Tests of Constant and Variable Acceleration Model Kalman Filters

In my last post I said that this next post would report the results of tests on a Constant Acceleration model Kalman filter, and the results are: fail, just like the Constant Velocity model, so I won't bore readers with reporting the details of the failed tests. However, tests of a Variable Acceleration model have been more successful, and so this post is about the results of tests on this model.
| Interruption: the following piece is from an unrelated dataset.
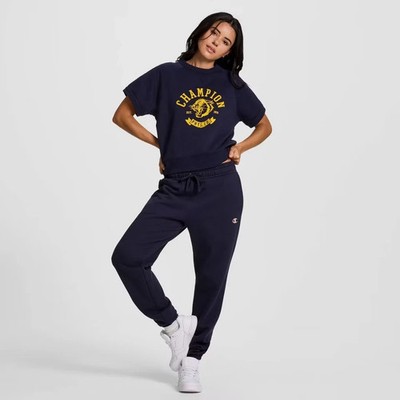 【GOLF】Champion Navy Short Sleeve Sweat Champion Short Sleeve Fleece Top/sweatshirt - Navy Blue large for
The Kalman filter states in this variable acceleration model are position, velocity, acceleration and three constants that are used to calculate the acceleration; b, c and d. The state transition matrix for this model is
F = [ 1 1 0 1/2 1/6 1/12 ; % position
      0 1 0 1 1/2 1/3 ;    % velocity
      0 0 0 1 1 1 ;        % acceleration
      0 0 0 1 0 0 ;        % b
      0 0 0 0 1 0 ;        % c
      0 0 0 0 0 1 ] ;      % d
with a measurement/observation matrix of
H = [ 1 0 0 0 0 0 ; 
      0 1 0 0 0 0 ; 
      0 0 1 0 0 0 ;
      0 0 0 1 0 0 ;
      0 0 0 0 1 0 ;
      0 0 0 0 0 1 ] ; % measurement matrix
Of course there are no "measurements" of b, c and d that can be directly taken from a price series, so my solution to this is to use Octave's fminunc function to minimise this
function [ J ] = kalman_bcd_constant_minimisation( bcd , position_measurements , velocity_measurements , accel_measurements )
pos_proj = position_measurements( 1 ) + velocity_measurements( 1 ) + [ 1/2 1/6 1/12 ] * bcd ;
vel_proj = velocity_measurements( 1 ) + [ 1 1/2 1/3 ] * bcd ;
accel_proj = sum( bcd ) ;  
pos_proj_cost = ( pos_proj - position_measurements( 2 ) )^2 ;
vel_proj_cost = ( vel_proj - velocity_measurements( 2 ) )^2 ;
accel_proj_cost = ( accel_proj - accel_measurements( 2 ) )^2 ;
J = pos_proj_cost + vel_proj_cost + accel_proj_cost ;  
endfunction
where position, velocity and acceleration measurements are calculated as described in my previous post. These cost minimised b, c and d constants are used as the noisy measurements for filter input purposes.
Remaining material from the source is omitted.